Researching alternatives to the chemical imbalance theory of depression - nradov
https://www.huffingtonpost.com/entry/opinion-hari-depression-causes_us_5a6a144de4b0ddb658c46a21
======
JamesBarney
No serious scientists have thought depression was caused by any simple story
of chemical imbalances that drugs were directly fixing. The author acts like
everyone has been assuming that depressed people have an ssri deficiency. And
that's it's a huge insight to consider therapy.

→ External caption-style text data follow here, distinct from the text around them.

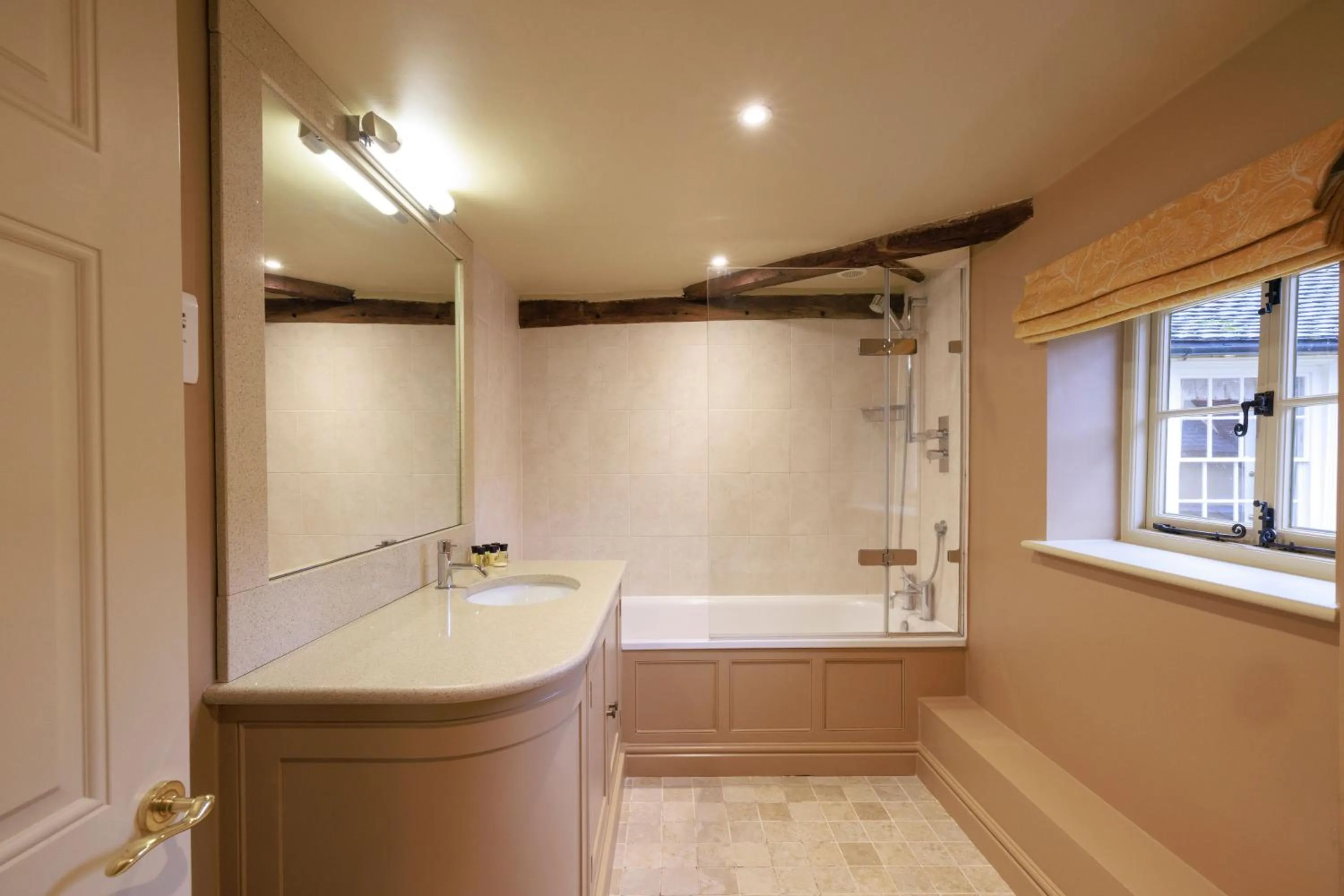 Bathroom in The Crown, Bildeston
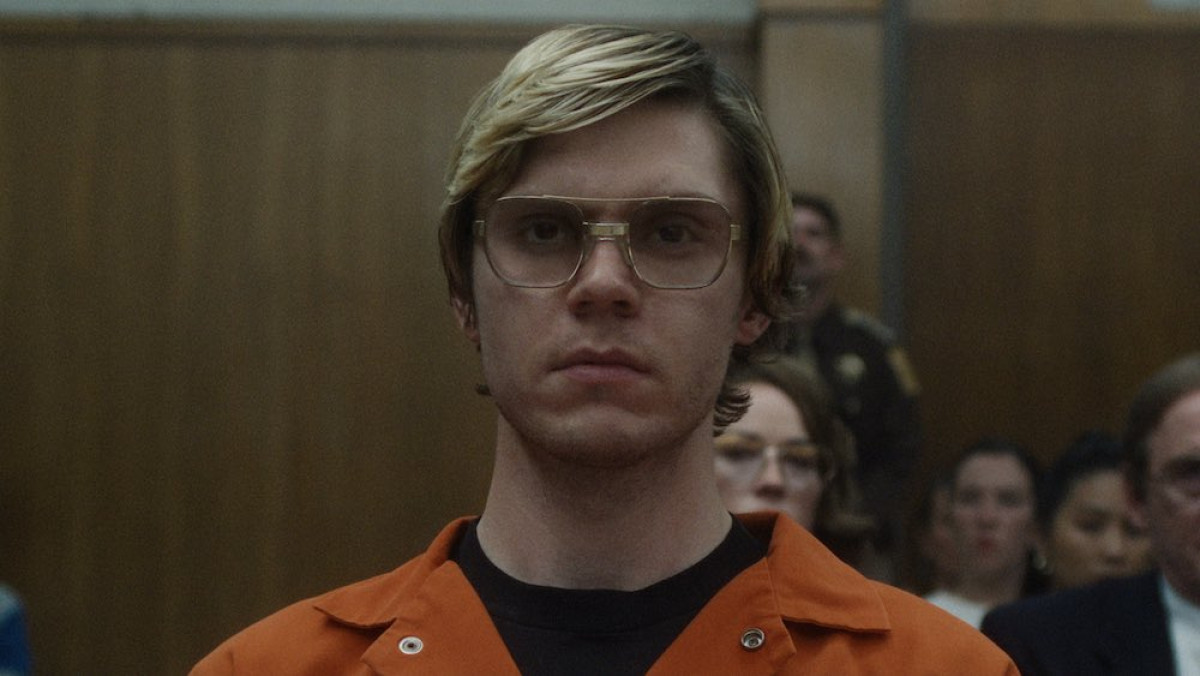 Όλοι μιλούν για το Dahmer: Τελικά αξίζει η νέα ανατριχιαστική σειρά του Netflix;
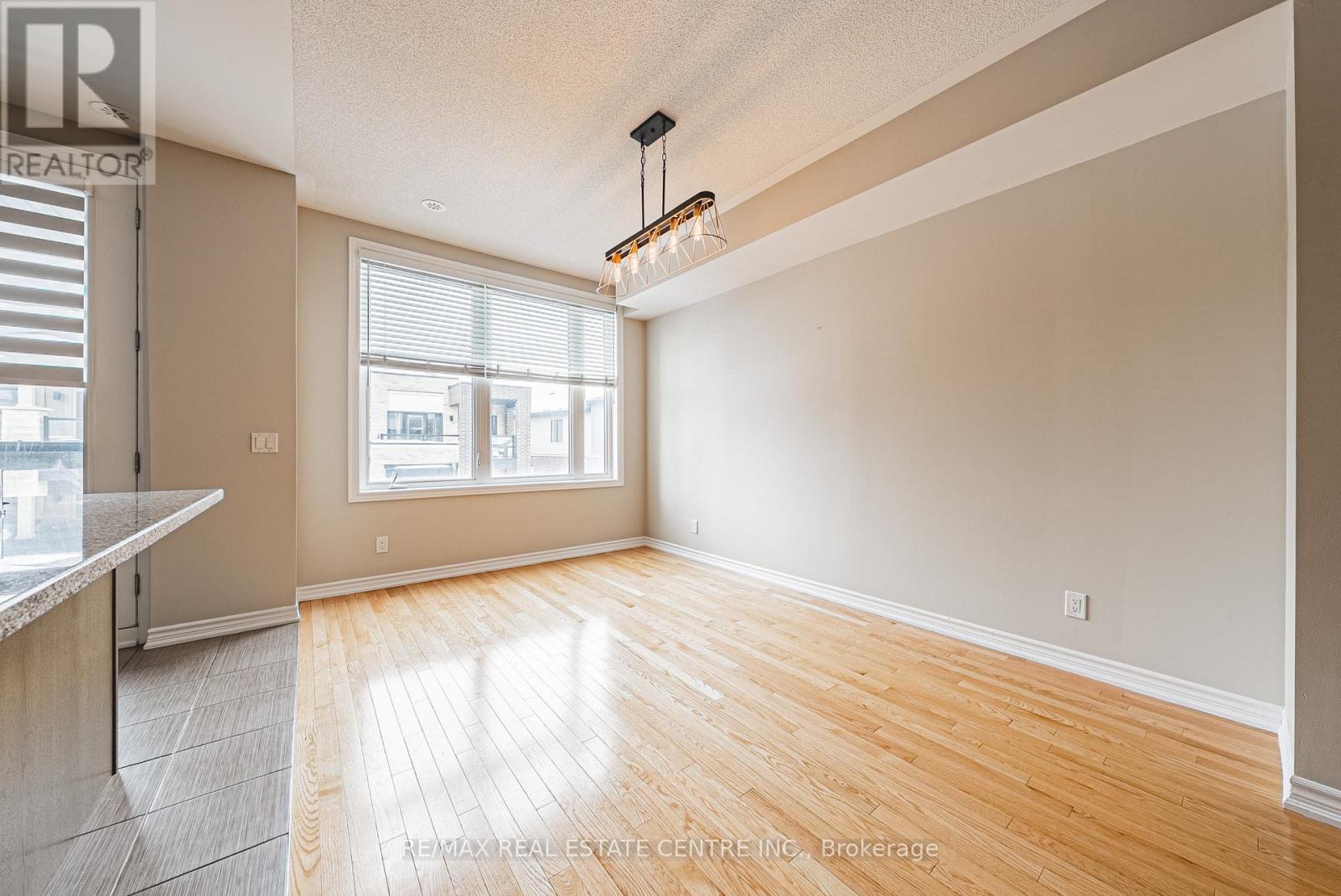 422 Athabasca Common S, Oakville, Ontario  L6H 0R5 - Photo 4 - W12789856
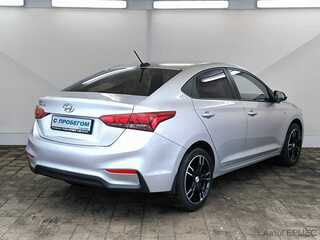 Фото HYUNDAI Solaris II с пробегом Фото HYUNDAI Solaris II с пробегом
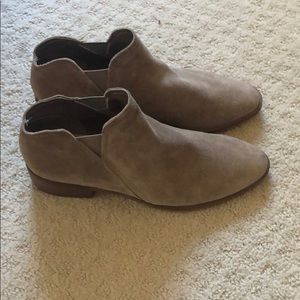 Dolce Vita booties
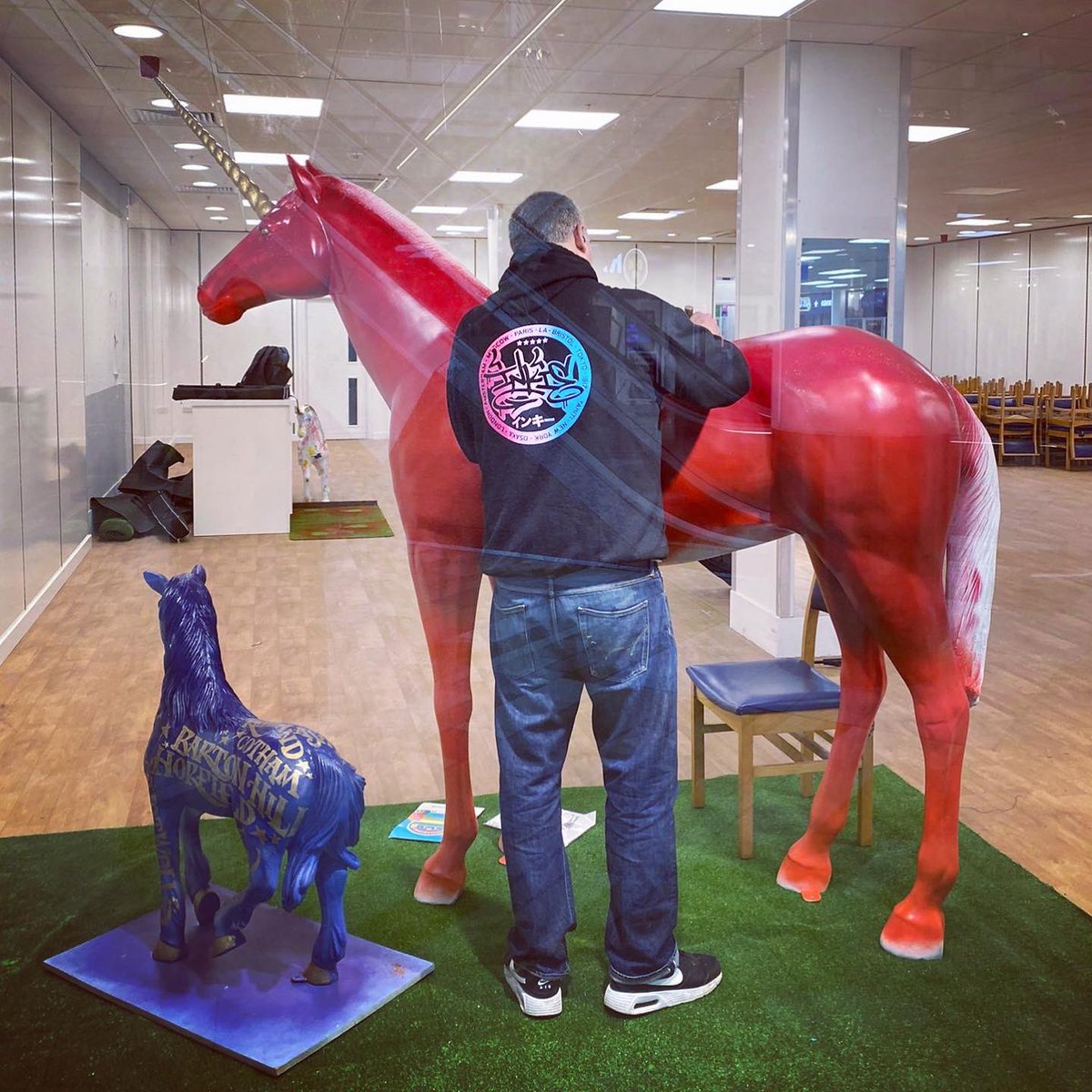 inkiegraffiti's tweet photo. This week I have been mostly painting unicorns… #unicornfest #stopleukaemia #unicorn #bemoreunicorn @purplefishpr @bbcbristol @bbcnews #bristol #graffiti #streetart #urbanart #typography #fonts https://t.co/Civq3hhNmF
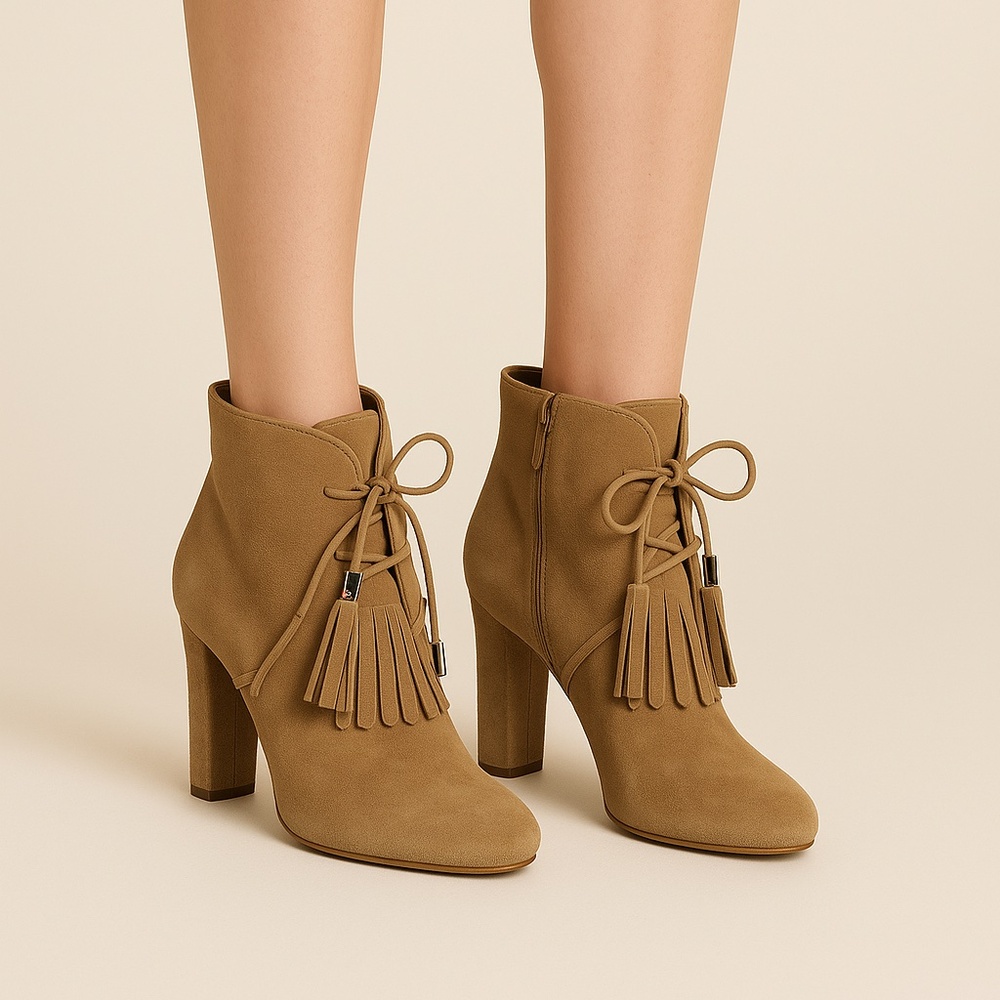 KAREN MILLEN Tan Suede block heel ankle boots. tassel detail. Size US 10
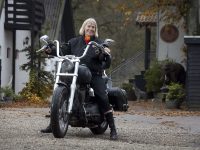 Hovedbillede-Esther Jensen tog motorcykelk¿rekort og kom ud af sorgen efter sin mands d¿d. arkiv 311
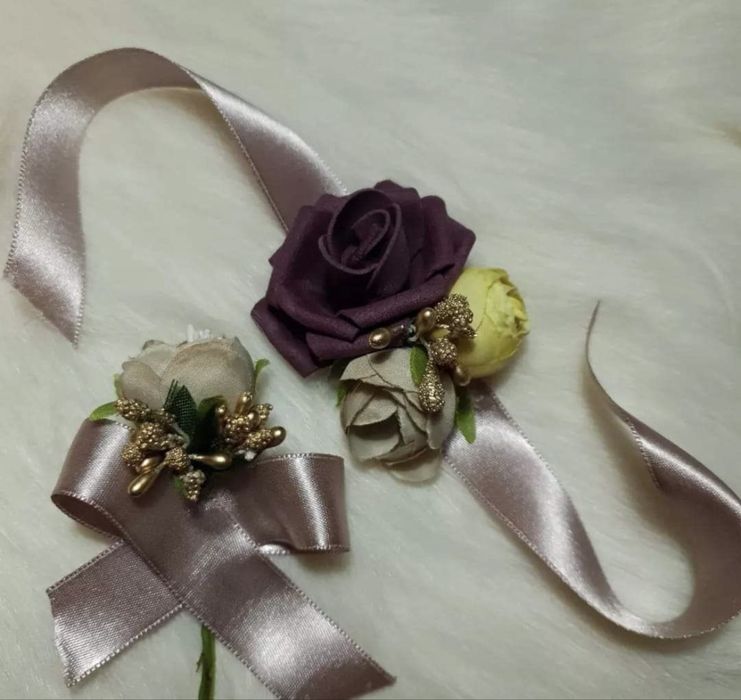 Сватбени бутониери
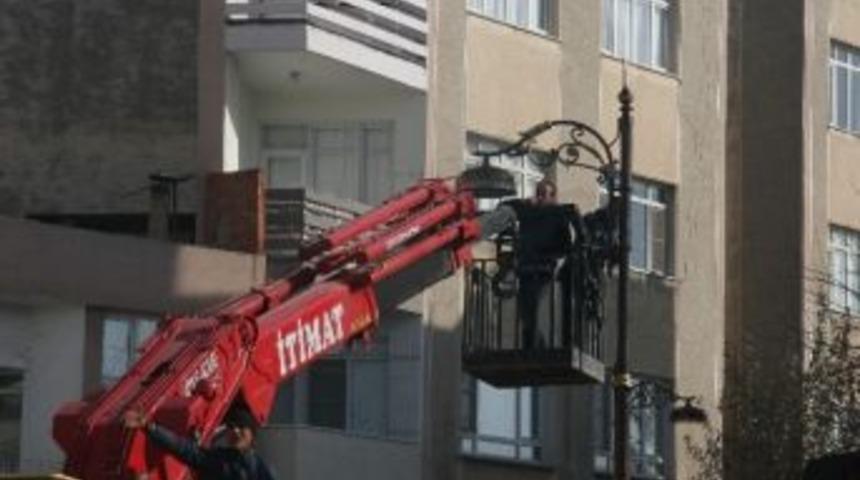 &lsquo;kilis K&uuml;lt&uuml;r Yolu&rsquo; Projesi Kapmasında Aydınlatma Direkleri Diliyor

And people have tried therapy for a very long time. The best studies show it's
as effective as anti depressants. But here's the rub, it's very expensive to
go the therapy.

My wife had a condition that is more amenable to therapy than drugs and that
cost us $500/week, and the only reason she could make her appointments was
because she didn't need to work. I have no idea how a working family would
have been able to afford it.

Her ssri's are 15$ a month and she has to see a psychiatrist every 3 months.

------
PaulHoule
It is environment + chemistry.

"Underdog" animals develop a low serotonin state.

[http://www.ulm.edu/~palmer/TheBiochemistryofStatusandtheFunc...](http://www.ulm.edu/~palmer/TheBiochemistryofStatusandtheFunctionofMoodStates.htm)

Many of the behaviors and attributes associated with "poor" people are similar
to the low-serotonin state described above.

If you are "ground down like a minion", SSRIs attenuate the negative impacts
of that.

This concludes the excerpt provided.